Retype the line with "Một chiếc xe" exactly. Then retype every line after it through the end of the entries below, and nothing more, leaving out pictures.

DATA SECTION ▸
::::::::::
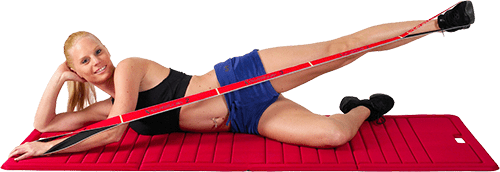 Девушка с резиновым испандером лежит на коврике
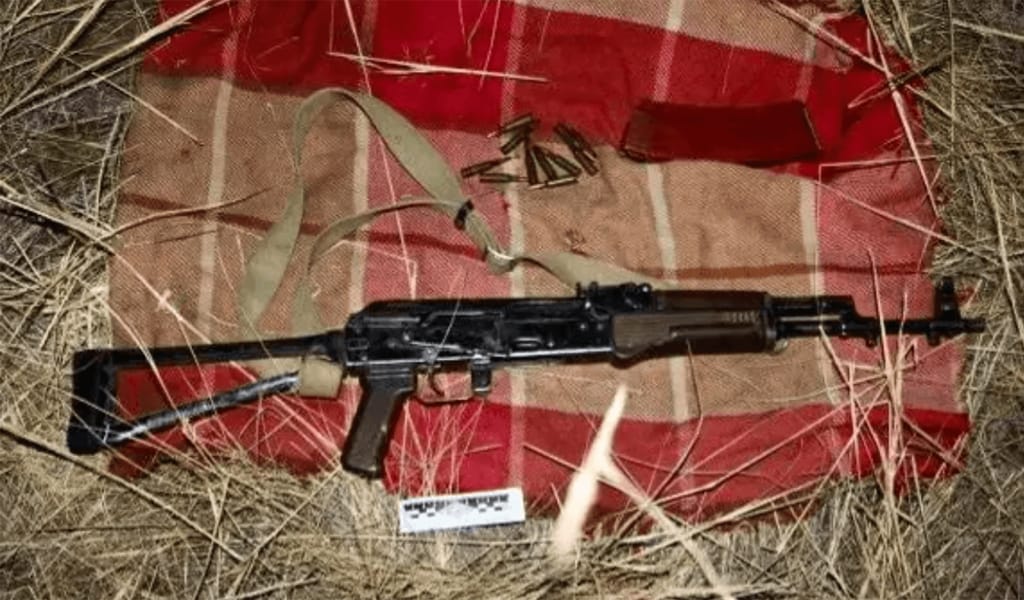 Ауыл тұрғынының көлігінен суық қару табылды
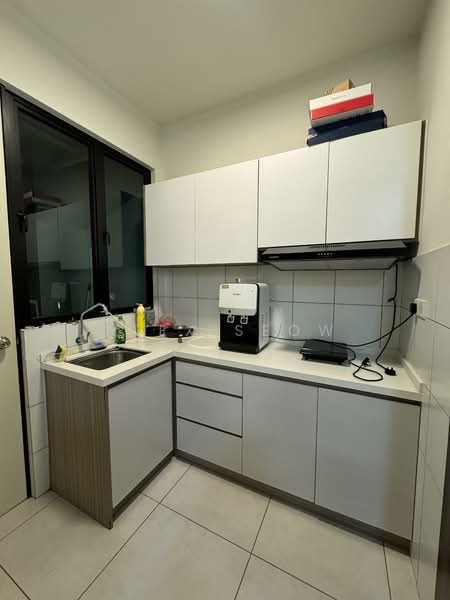 Service Residence for Rent at Majestic Maxim - Alex Seow - Kitchen - PropertyGuru.com.my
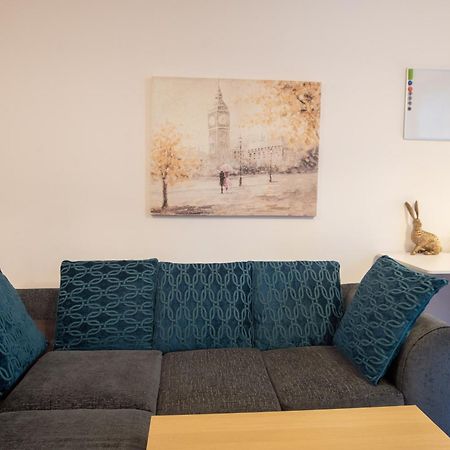 Spacious 1 Bed Apartment With Workspace, Coffee & Free Secure Parking Birmingam Exterior foto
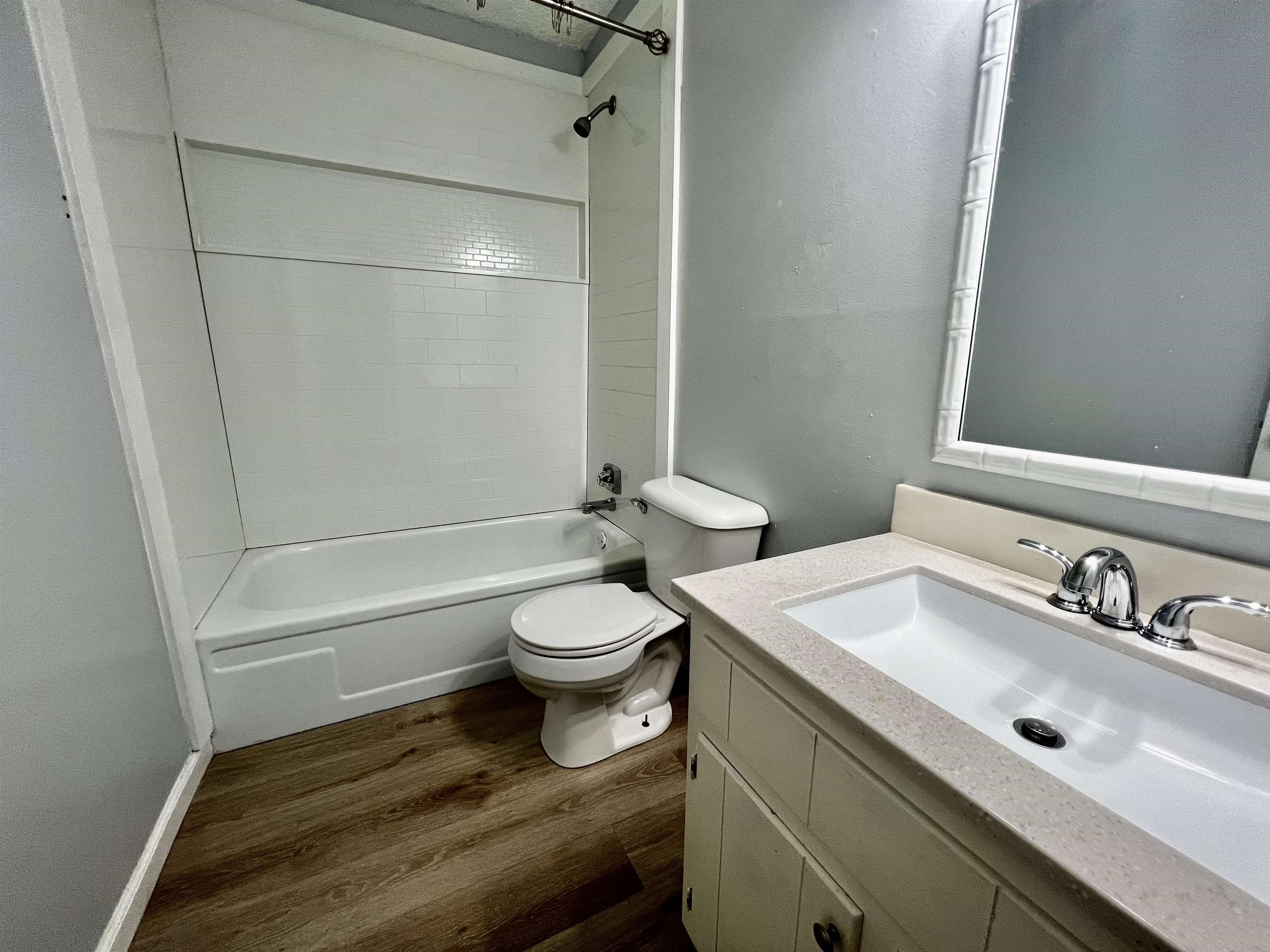 1906 W Matthews Avenue Property Photo 9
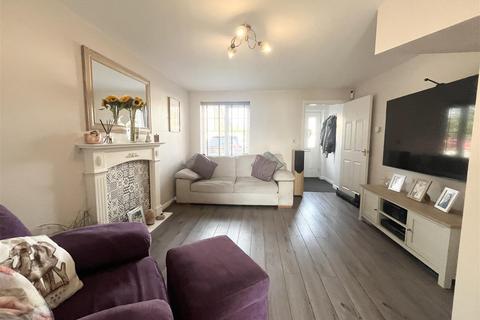 3 bedroom end of terrace house for sale, Redshank Place, Sandbach CW11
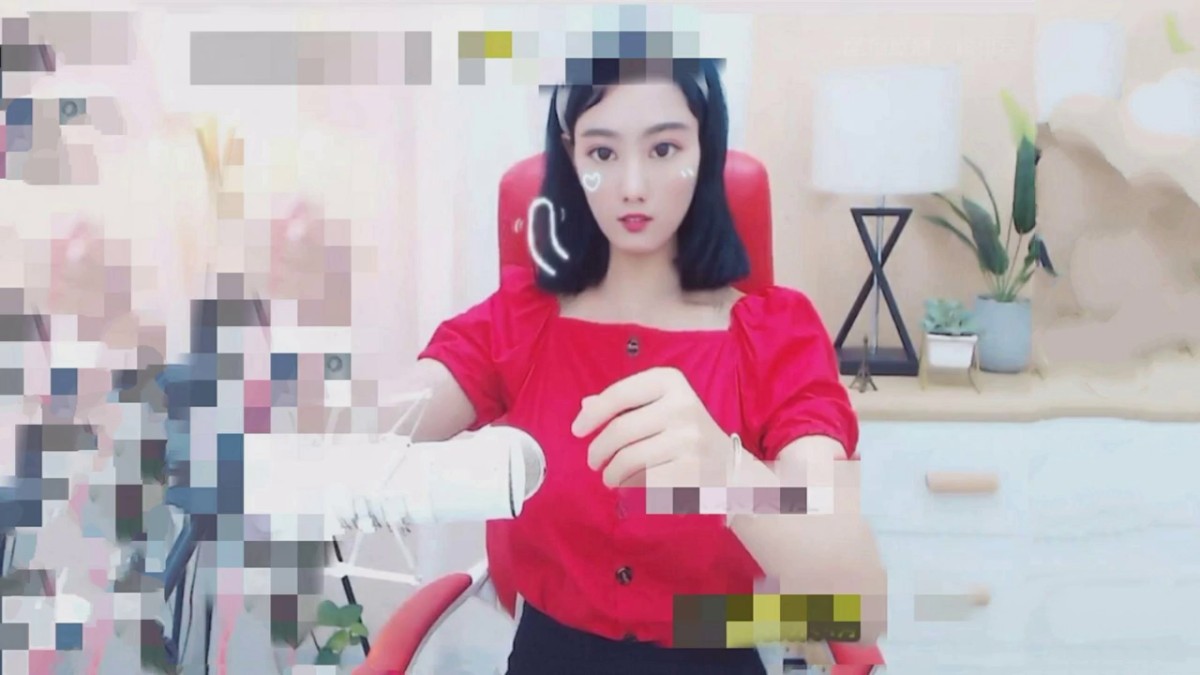 大神潜入女厕偷拍 两位青春靓丽的美女主播 都是粉粉的微毛嫩逼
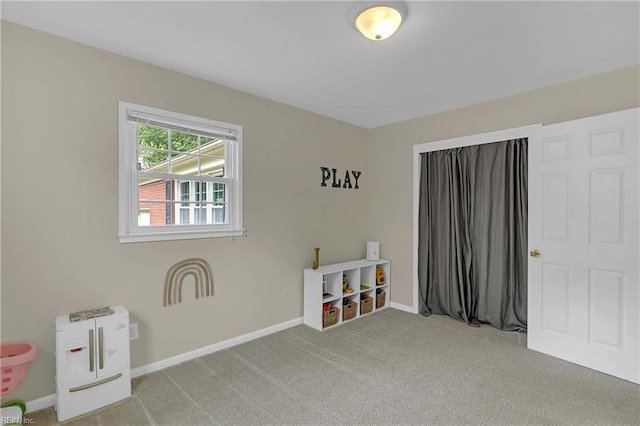 845 Cascade Dr, Newport News, VA 23608 - recreation room featuring carpet flooring and baseboards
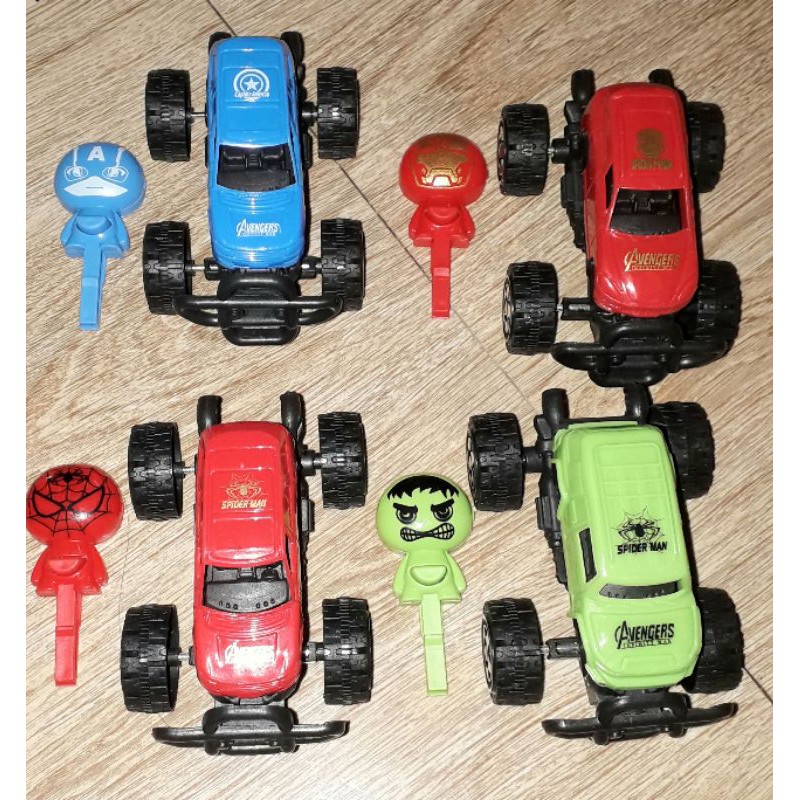 Một chiếc xe siêu anh hùng chạy bằng chìa khóa bằng nhựa rất đẹp
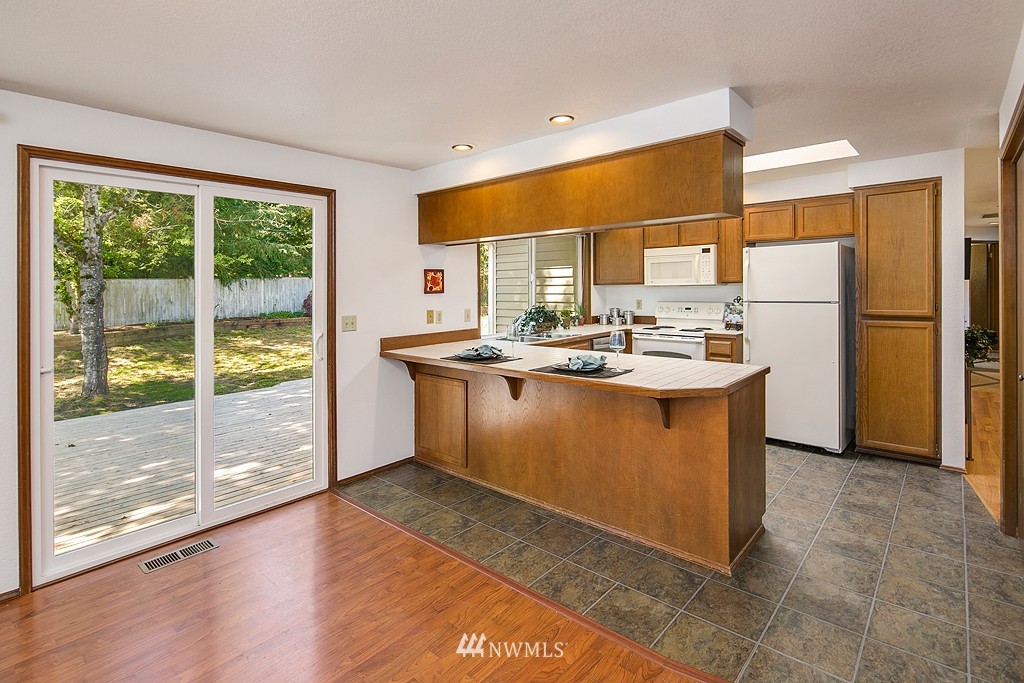 24216 15th Place Southeast Bothell, WA 98021 - Photo 4 of 14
::::::::::
REPLY ▸
 Một chiếc xe siêu anh hùng chạy bằng chìa khóa bằng nhựa rất đẹp
 24216 15th Place Southeast Bothell, WA 98021 - Photo 4 of 14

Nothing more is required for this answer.